Over the years, advocates have questioned whether Cashe’s race is partly to blame for the Army’s reluctance to ensure his medal upgrade. 35-year-old Cashe, who joined the Army after graduating from Oviedo High in 1988, was assigned to 1st Battalion, 15th Infantry Regiment, 3rd Infantry Division, based in Fort Benning, Ga. He left behind a wife and daughter.
A petition to the president asking for the war hero to be awarded the Medal of Honor writes that as Cashe worked to save his fellow soldiers from the burning vehicle that fateful October 25, “enemy rounds cracked overhead and impacted around the vehicle in a complex ambush.

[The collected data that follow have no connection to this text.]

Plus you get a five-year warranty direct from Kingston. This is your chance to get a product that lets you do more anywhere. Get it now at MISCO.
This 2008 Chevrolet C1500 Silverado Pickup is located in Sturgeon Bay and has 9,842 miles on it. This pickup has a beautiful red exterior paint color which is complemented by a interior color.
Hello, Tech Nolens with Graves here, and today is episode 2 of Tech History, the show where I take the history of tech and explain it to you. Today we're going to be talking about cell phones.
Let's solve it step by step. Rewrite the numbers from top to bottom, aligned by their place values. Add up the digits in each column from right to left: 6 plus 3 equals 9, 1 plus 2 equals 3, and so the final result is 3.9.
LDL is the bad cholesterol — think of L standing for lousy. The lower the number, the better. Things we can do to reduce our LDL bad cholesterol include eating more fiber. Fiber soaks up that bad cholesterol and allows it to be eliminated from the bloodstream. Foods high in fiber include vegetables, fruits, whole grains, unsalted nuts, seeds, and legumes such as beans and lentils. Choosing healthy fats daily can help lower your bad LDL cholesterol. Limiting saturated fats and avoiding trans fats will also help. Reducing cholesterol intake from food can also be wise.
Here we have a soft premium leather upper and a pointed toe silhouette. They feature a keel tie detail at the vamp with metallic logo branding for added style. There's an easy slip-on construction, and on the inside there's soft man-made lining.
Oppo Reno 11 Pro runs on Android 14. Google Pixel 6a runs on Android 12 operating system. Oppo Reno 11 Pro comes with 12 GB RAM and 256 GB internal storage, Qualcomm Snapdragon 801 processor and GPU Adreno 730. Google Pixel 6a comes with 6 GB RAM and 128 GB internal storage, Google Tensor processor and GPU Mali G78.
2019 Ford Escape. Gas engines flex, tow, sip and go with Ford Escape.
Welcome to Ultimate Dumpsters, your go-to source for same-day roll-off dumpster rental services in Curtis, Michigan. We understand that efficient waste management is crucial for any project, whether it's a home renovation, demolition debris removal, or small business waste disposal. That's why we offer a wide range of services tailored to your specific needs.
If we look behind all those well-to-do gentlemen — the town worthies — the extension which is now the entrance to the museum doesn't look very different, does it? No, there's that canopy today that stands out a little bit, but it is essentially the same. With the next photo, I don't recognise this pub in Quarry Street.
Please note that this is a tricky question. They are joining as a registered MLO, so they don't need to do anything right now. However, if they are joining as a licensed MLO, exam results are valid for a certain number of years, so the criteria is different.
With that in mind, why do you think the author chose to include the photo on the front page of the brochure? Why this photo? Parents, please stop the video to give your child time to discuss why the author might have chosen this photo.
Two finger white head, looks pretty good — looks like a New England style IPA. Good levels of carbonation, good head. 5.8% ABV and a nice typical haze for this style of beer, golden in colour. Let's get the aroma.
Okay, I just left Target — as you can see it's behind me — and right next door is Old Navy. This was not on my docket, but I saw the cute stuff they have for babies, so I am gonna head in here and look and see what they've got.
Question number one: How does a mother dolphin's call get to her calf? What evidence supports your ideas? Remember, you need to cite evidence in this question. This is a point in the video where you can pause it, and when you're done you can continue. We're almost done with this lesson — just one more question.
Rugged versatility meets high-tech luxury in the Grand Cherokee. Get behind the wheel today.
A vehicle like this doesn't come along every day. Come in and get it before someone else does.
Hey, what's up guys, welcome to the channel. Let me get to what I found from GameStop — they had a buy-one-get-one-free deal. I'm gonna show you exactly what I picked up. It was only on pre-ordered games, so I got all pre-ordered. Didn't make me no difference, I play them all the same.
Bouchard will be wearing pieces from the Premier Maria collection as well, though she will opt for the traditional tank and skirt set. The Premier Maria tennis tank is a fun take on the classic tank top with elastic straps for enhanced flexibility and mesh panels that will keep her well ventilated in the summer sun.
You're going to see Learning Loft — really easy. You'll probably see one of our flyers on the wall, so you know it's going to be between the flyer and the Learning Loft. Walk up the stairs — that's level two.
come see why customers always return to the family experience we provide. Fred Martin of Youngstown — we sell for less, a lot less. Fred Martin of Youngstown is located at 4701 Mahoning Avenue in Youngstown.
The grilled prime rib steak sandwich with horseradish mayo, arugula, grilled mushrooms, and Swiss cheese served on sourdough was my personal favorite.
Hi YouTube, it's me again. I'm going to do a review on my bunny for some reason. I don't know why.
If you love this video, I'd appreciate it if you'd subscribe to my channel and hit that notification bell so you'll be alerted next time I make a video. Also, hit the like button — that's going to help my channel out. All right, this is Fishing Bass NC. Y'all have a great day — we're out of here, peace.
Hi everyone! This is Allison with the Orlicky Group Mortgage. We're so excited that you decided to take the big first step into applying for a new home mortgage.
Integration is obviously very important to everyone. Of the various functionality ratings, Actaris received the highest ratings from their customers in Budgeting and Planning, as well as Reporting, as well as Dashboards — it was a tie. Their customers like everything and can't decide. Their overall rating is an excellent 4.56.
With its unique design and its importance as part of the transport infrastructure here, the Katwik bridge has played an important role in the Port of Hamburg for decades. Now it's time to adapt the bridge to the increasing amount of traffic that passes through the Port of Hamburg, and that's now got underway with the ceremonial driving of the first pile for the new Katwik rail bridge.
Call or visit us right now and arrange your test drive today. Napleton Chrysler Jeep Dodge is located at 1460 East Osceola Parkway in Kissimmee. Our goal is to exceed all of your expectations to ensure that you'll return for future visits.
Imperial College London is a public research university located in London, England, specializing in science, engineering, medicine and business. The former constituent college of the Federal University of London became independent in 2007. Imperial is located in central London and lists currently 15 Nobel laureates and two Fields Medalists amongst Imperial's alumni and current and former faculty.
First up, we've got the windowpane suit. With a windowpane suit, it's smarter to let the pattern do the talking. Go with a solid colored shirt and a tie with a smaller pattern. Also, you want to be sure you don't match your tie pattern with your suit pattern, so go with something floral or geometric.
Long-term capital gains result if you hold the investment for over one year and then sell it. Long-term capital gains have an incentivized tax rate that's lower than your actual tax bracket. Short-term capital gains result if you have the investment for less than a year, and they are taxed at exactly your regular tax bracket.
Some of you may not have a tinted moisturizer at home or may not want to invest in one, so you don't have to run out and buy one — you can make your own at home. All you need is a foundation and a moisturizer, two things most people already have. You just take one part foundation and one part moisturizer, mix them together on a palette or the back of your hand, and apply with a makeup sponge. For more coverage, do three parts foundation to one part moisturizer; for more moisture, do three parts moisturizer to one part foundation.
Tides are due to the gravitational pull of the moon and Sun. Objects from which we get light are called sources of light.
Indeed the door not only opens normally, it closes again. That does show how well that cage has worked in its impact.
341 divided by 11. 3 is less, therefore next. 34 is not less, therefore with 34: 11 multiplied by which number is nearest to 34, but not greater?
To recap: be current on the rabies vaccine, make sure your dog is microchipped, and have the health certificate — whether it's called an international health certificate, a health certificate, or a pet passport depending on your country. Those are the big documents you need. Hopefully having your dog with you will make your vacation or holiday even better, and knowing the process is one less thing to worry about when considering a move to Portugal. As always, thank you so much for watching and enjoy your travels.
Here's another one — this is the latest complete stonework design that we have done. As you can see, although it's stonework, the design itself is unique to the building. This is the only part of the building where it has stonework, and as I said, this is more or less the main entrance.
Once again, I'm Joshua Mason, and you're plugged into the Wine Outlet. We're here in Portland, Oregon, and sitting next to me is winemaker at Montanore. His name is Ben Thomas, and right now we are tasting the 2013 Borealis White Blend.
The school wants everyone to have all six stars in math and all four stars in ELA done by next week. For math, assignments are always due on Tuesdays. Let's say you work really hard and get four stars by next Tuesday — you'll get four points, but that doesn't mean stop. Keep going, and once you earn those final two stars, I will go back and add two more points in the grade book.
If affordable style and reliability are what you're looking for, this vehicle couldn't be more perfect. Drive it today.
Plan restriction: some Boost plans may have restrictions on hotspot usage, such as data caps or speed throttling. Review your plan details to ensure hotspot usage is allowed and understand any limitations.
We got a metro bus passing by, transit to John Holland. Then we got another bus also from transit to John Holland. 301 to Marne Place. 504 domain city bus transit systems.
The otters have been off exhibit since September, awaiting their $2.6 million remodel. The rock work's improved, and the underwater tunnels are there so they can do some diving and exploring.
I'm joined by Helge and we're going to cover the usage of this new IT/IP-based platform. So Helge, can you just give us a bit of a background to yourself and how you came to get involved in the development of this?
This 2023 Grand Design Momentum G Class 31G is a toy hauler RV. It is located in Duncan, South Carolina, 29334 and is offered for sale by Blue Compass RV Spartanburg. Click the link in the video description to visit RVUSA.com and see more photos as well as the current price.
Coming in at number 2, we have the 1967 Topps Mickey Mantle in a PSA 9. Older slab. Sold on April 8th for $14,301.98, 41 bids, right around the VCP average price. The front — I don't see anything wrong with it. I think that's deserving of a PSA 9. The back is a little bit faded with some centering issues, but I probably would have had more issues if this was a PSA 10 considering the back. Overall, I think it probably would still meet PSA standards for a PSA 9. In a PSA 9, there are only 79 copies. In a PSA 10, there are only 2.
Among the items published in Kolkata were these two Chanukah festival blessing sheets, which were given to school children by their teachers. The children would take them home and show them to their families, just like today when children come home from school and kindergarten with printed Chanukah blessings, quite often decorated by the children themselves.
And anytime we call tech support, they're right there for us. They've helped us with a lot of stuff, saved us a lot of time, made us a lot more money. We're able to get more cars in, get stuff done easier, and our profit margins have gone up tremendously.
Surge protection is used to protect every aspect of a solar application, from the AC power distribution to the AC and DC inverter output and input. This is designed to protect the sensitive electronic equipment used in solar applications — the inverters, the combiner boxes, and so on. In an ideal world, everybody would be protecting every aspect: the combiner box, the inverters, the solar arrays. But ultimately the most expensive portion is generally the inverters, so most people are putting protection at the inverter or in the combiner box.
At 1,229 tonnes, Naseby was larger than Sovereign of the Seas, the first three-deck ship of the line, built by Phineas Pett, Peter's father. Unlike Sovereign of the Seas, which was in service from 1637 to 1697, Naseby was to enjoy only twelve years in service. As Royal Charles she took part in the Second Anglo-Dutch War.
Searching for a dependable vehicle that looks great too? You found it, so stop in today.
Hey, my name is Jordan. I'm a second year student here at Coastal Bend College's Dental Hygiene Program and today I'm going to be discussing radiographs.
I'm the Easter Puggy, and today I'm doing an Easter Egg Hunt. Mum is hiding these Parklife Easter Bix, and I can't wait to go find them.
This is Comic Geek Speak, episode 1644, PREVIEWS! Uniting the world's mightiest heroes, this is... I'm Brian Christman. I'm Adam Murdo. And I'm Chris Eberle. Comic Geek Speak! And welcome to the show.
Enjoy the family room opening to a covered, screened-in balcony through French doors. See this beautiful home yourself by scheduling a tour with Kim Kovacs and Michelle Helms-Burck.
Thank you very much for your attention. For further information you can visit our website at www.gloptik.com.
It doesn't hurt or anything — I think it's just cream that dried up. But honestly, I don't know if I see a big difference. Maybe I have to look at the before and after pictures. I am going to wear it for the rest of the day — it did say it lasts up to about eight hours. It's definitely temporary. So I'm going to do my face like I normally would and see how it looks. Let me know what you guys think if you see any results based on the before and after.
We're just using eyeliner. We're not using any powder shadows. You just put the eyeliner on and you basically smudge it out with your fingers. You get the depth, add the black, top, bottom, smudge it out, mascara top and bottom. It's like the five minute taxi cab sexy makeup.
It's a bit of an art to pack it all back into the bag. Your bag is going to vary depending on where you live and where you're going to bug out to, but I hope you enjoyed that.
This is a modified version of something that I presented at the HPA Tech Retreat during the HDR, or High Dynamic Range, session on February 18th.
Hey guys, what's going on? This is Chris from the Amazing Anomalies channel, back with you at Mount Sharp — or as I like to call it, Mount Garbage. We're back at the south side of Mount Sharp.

Ignoring the gunfire, Cashe saw the troop hatch at the rear of the vehicle open. Smoke and flame poured out of the inner compartment, still occupied by 7 soldiers.
“Cashe ran to the opening and reached inside. His soaked uniform ignited as he pulled soldiers to safety. He returned inside the vehicle a second time, bringing more soldiers out. By the third time SFC Cashe entered the Bradley, his entire uniform burned on his body. More Bradleys arrived shortly after the explosion.
“Despite suffering 2nd and 3rd-degree burns over more than 70% of his body, Cashe refused medical evacuation until all his soldiers were treated first. Six soldiers lived as a direct result of his actions…Without a doubt, this man should posthumously receive the Congressional Medal of Honor.”